Cheap Food I Love (Polish Special): BIGOS

The guidebooks struggled to say much about Bialystok. A large Eastern Polish town, the last big place before the relative wilds of Belarus, it carries itself half like a seedy frontier outpost and half like a respectable suburban nowhere. A smiling taxi driver picked us up from Bialystok’s business hotel, for instance, and took us to the station, where his next passenger was a young girl who got into the front seat and started showing him wads of banknotes. Bialystok was our stopover between Warsaw and the bison-filled forests, and it was also the first place I ate Bigos.
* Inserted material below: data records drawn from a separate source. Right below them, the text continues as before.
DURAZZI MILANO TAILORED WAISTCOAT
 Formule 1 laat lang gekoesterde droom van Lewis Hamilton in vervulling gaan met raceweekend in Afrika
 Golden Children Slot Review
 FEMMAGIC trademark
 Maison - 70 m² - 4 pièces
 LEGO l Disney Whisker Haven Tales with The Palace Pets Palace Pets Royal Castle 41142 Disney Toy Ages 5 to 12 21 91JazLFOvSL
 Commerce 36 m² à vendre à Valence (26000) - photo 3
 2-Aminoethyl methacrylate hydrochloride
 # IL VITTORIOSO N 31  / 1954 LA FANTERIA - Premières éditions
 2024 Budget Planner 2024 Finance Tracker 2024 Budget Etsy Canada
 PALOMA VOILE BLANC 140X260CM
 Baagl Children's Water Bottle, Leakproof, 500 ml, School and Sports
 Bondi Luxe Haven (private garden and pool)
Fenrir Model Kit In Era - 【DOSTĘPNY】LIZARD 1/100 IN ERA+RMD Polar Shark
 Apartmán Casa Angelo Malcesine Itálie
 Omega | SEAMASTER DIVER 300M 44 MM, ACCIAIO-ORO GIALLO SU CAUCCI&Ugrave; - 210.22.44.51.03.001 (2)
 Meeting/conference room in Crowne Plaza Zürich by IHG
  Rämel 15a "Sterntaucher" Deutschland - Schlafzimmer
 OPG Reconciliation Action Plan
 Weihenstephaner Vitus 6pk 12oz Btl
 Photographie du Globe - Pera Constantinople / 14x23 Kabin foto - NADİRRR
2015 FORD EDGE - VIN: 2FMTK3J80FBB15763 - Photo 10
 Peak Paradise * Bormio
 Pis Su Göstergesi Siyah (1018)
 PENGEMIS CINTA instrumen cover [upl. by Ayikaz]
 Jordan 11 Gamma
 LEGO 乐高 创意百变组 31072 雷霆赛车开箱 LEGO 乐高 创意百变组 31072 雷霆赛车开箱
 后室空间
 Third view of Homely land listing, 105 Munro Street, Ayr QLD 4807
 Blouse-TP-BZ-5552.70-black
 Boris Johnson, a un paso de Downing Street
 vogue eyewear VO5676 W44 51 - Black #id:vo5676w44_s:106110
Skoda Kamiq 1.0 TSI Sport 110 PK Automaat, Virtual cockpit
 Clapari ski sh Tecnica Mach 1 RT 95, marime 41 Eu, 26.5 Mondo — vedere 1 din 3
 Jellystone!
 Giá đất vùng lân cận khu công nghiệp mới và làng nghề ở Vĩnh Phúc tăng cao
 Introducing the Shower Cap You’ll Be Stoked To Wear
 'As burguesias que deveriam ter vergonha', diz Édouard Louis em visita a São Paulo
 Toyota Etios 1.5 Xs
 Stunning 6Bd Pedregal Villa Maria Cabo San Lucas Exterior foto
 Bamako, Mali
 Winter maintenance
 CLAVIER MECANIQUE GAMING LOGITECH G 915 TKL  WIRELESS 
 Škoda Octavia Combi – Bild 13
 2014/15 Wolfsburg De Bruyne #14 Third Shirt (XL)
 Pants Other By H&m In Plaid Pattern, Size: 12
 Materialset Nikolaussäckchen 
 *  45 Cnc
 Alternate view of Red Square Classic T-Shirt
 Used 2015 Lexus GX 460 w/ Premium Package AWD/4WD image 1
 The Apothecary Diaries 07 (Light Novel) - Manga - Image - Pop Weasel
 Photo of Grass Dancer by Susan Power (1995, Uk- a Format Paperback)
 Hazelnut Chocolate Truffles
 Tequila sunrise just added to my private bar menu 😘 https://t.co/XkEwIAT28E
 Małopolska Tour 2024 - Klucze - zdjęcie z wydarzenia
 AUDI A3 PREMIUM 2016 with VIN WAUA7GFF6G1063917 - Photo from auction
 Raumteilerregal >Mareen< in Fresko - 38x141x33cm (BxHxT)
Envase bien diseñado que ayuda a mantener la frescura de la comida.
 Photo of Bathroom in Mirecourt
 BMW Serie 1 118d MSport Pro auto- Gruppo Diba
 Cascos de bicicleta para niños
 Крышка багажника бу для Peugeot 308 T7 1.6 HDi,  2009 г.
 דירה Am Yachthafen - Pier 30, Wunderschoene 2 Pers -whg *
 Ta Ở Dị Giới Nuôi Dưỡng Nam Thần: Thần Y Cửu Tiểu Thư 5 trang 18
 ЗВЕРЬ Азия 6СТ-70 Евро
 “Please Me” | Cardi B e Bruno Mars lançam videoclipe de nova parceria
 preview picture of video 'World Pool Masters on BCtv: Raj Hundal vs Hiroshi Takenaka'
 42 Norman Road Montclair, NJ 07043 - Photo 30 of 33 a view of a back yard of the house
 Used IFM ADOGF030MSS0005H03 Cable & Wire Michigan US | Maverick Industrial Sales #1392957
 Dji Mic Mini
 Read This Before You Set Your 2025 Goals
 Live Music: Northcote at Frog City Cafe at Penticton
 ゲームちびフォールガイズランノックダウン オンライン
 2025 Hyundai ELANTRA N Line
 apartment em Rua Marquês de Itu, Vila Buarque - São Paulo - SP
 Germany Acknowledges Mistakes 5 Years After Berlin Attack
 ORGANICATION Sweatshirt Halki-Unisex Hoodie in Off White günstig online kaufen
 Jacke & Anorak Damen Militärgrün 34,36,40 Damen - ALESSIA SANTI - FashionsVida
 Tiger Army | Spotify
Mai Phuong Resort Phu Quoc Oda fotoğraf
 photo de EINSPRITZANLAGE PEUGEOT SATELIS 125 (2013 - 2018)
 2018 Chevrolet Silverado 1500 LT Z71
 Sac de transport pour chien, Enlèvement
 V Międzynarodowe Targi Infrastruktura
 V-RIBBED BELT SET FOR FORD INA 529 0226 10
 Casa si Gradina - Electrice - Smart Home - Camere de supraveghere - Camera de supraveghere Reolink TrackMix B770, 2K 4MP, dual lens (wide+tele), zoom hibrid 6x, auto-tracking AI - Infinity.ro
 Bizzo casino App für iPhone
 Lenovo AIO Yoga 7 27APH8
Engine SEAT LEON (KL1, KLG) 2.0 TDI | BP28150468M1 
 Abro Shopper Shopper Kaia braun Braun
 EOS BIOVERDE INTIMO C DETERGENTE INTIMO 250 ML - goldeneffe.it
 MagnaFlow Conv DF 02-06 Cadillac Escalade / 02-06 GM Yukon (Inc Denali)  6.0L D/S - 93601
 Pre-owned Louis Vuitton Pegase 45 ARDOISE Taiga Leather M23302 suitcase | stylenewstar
Bigos is a sauerkraut-based stew which is (apparently) constantly reheated over a period of several days – if not weeks – with new meat continually added. Nobody in Poland makes this authentic Bigos for sale anymore, though it may still be eaten in homes: the snack bars and pubs that do offer it presumably make up their stock each morning. Our guidebook was sniffy about this but the bar-snack Bigos I ate was glorious – tangy gravy, lovely stodgy cabbage, chewy meat. We’d been nibbling peanuts on the Warsaw train and hadn’t eaten properly since breakfast, so stumbling into a basement student bar and finding Bigos on the menu was a treat. It cost about 45p. I had happier moments in Poland, and ate better and more unusual food, but I don’t think I ever felt more contented.